Trump Hugs Gretchen Whitmer
What do you know? The president may yet emerge as a unifying figure, even in Michigan.

Does President Trump’s inviting Governor Whitmer to join him at the podium at an event in Michigan signal the beginning of a beautiful friendship? On verra, we say. Yet for those of us who reckon Mr. Trump should be striving for a unifying presidency, what happened at Selfridge Air National Guard Base at Harrison Township — where the governor welcomed Mr. Trump to the Wolverine State — is a moment to mark.
Could it be a template for other Democratic governors and for Mr. Trump himself? It’s hard to imagine how some more militant leftists, like, say Governor Pritzker of Illinois, would approach the prospect of sharing a stage — much less a hug — with the president. “Awkward” is the word the headline writers are using to describe the encounter between the Wolverine State chief executive and the commander in chief.
“C’mon up here, Gretch,” is how the New York Post headlined its account of the odd-couple’s interaction. It characterizes Ms. Whitmer as having been “put on the spot” when she was “unexpectedly” called upon to speak by Mr. Trump. It could be that she got carried away by her enthusiasm for the new fighter jet mission the president had assigned to the air base. That decision by Mr. Trump amounts to a boon to the local economy.
“I am really damn happy we’re here to celebrate this recapitalization,” Ms. Whitmer crowed. She explained that she was speaking “on behalf of all the military men and women who serve our country” — “on behalf of the state of Michigan,” that is. Mr. Trump played up the bipartisanship of the moment, saying he wanted to thank Ms. Whitmer, even though “I’m not supposed to do that. She’s a Democrat.”

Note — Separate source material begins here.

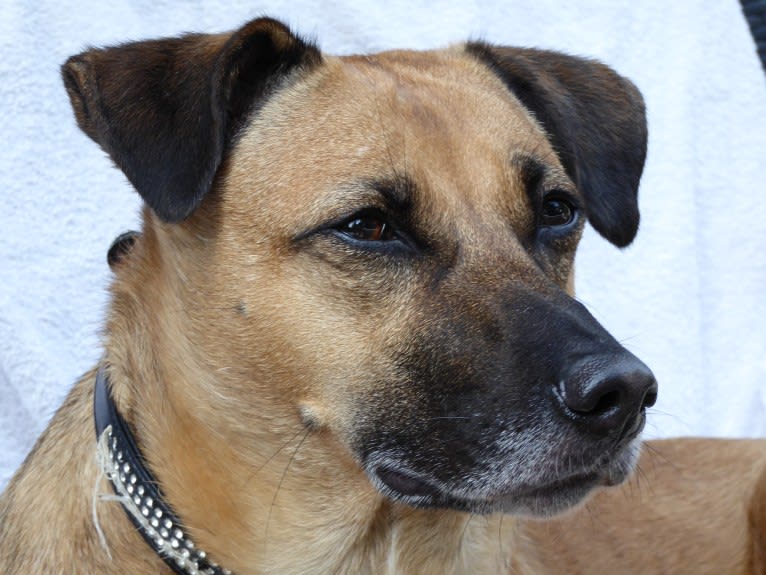 NANDI, an Indian Indigenous Dog tested with EmbarkVet.com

Yet “for decades, they’ve been trying to save this facility,” Mr. Trump explained, noting that Ms. Whitmer “has done a very good job” on that head. “She came to see me,” he added. “That’s the reason she came to see me, by the way, to save Selfridge.” That was a nod to Ms. Whitmer’s camera-shy visit to the White House earlier this month, when she covered her face with folders rather than be photographed in the Oval Office by the press corps.
Ms. Whitmer appears, if the event yesterday is any guide, to have overcome her qualms about being filmed alongside the president. After the event, she averred that she was no pushover, and that she had griped to Mr. Trump about his tariffs for harming Michigan’s economy. He might “say a lot of things I disagree with,” she asserted, “that I’ll fight against, and that’s fine, but, you know, my job is to do everything I can for the people of Michigan.”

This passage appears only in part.